The reappointment of former Liberal prime minister Tony Abbott to the Australian War Memorial Council has been criticised as a lost opportunity for renewal at the national institution.
Minister for Veterans’ Affairs and Defence Personnel Matt Keogh announced Mr Abbott’s reappointment on Friday (16 September) just before his term expired on 18 September.
Heritage Guardians member and Honest History editor David Stephens, who has been a key part of the opposition to the now $550 million Memorial redevelopment, said the Council was unrepresentative of the broad Australian community, with a dominance of people with a military background and high number with Coalition connections.
Dr Stephens said the Council was desperately in need of fresh blood.
Dr Stephens said nine out of the 13 members had a military background, or 11 if you add Brendan Nelson as chair, a former Defence Minister, and Mr Abbott, who once lamented never having been a soldier.
He said the Grattan Institute recently described the Council as the most ‘blue’ for most Coalition connections of 19 Australian Government institutions it examined.
Current members Tony Abbott, Brendan Nelson, Josephine Stone and Rhonda Vanzella have Coalition connections, and Dr Stephens said Aspen Medical boss Glenn Keys and former member and Council chair, media owner Kerry Stokes, were political donors to both sides.
“This is a lost opportunity to start renewing the membership of the War Memorial Council,” he said.
“The Council has not included a trained historian since 2004, and yet it is one of the most important institutions dedicated to telling our nation’s story.”
There won’t be another opportunity to put a new face on the Council until early 2024 when the next vacancy is scheduled.
Mr Keogh underlined Labor’s support for the Memorial redevelopment in his announcement.
“Mr Abbott has served as a member of the Council since 2019 and his reappointment will provide the Council experience and stability during a seminal period,” he said.
“Tony’s experience is well known and his dedication and passion for serving our nation is undisputed.

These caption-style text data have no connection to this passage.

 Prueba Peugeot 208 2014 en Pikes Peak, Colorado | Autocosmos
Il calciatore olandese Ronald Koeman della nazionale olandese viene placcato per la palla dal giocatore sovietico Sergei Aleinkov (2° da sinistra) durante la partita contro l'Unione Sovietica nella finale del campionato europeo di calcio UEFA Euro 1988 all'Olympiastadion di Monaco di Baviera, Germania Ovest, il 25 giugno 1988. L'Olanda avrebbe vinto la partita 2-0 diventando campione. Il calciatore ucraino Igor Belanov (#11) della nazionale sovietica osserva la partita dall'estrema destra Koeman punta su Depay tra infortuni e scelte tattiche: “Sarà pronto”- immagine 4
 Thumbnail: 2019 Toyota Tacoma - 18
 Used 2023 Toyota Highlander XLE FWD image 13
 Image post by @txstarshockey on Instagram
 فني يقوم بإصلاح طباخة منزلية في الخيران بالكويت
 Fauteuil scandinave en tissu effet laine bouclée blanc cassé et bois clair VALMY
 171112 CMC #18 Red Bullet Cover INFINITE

Tony has always been an advocate for our nation’s veterans.”
As Prime Minister, Mr Abbott led Australia’s commemorations of the Centenary of ANZAC 2014-18 and the case to build the Sir John Monash Centre in Villers-Bretonneux, France, to honour the some 46,000 Australians who lost their lives on the Western Front in the First World War.

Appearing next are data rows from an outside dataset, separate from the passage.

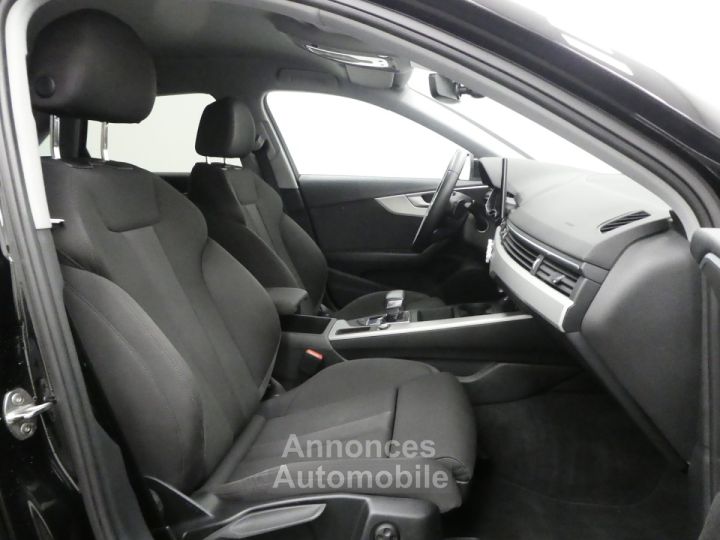 Audi A4 30 TDI 136CH BUSINESS LINE S TRONIC 7 7CV - 7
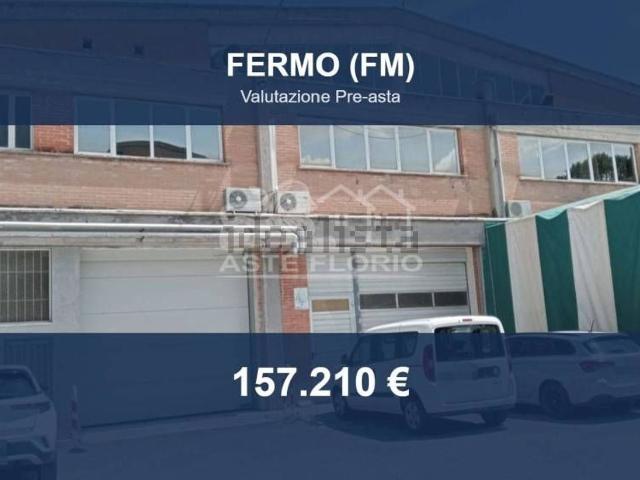 Capannone in vendita di 2190 m² in Contrada Campiglione, 20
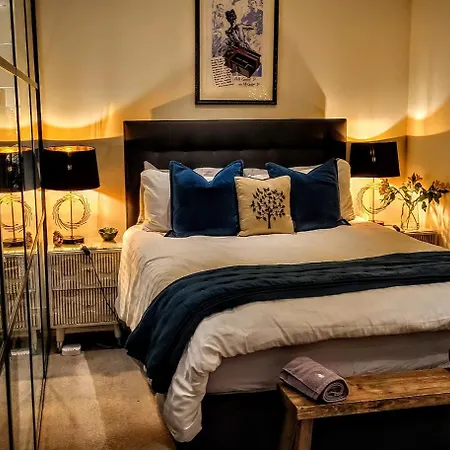 Cocoa Isabella - River Fronted With Secure Parking Apartment York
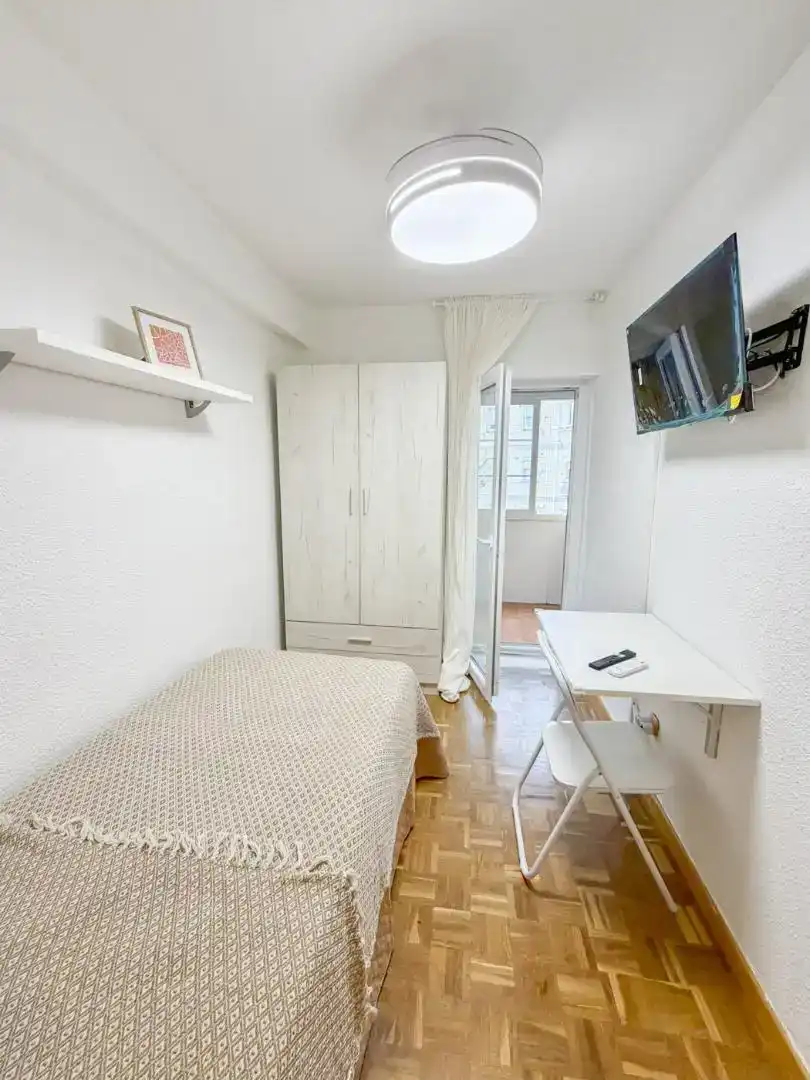 Dormitori de Apartament de lloguer en Coslada amb Parquet i Moblat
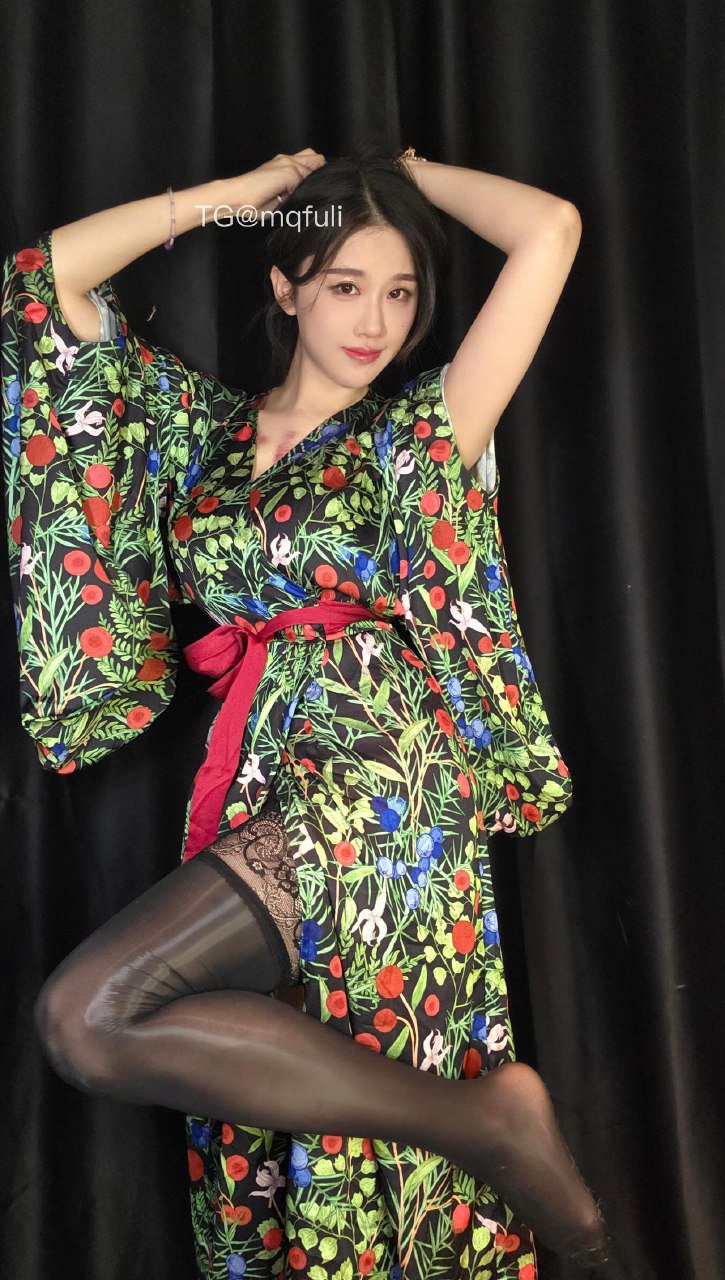 轩子巨2兔 2025-09-13 16:19:26 你的韩漫老师3️⃣5️⃣张写真 第9张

“I look forward to following the progress of the Australian War Memorial’s redevelopment in the coming years closely and trust Mr Abbott will play an integral role in it,” Mr Keogh said.
Mr Stephens had written to Mr Keogh urging him to refresh the Council’s membership, noting, in particular, the need for historians.
He noted that the previous government had reappointed two members – Sharon Bown and Daniel Keighran VC – during the caretaker period.
“This was clearly a breach of the spirit of the caretaker arrangements but cannot be undone now,” he wrote.
“I make no comment on the credentials of the two members but note that their reappointments deprived the new government of the opportunity to make its own early appointments.”
Mr Stephens wrote that by 2024 four would have been members of the Council for between six and nine years.
“That alone is surely grounds for refreshing the Council’s membership,” he said.
The Grattan Institute called for an overhaul of public appointments, arguing that a growing “jobs for mates” culture was undermining democracy.